Citigroup must pay $700 million to customers and another $70 million in federal fines for misleading consumers on credit card add-on products, US regulators announced Tuesday.
The $700 million is intended to compensate nearly nine million account holders who were victims of dishonest marketing by Citigroup and affiliates when they ordered fraud alerts, credit monitoring and other services with their credit cards.
"We continue to uncover illegal credit card add-on practices that are costing unknowing consumers millions of dollars," said Richard Cordray, director of the Consumer Financial Protection Bureau.
"In our four years, this is the tenth action we've taken against companies in this space for deceiving consumers.
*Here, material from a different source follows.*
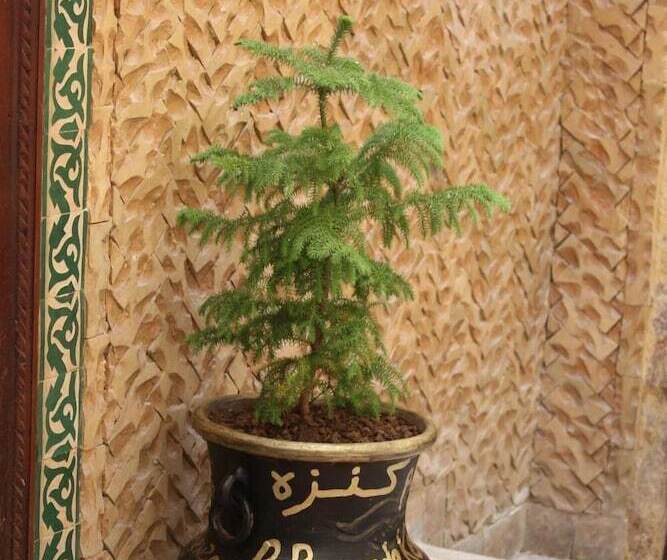 酒店 Dar La Bague De Kenza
We will remain on the lookout for similar conduct and will address it as we find it."
In some cases, telemarketers took orders for add-on products without informing the consumer of the cost, or by promising "free" 30-day trials that were actually billed, the CFPB said.
In other instances, Citigroup charged consumers for benefits they did not receive, or misrepresented the nature of fees.
In addition to the compensation for consumers, the fourth-largest US bank by assets must pay $35 million each in fines to the CFPB and the Office of the Comptroller of the Currency.
The Citigroup penalties follow fines imposed by the CFPB on JPMorgan Chase, Bank of America and others for illegal practices in credit card add-on programs.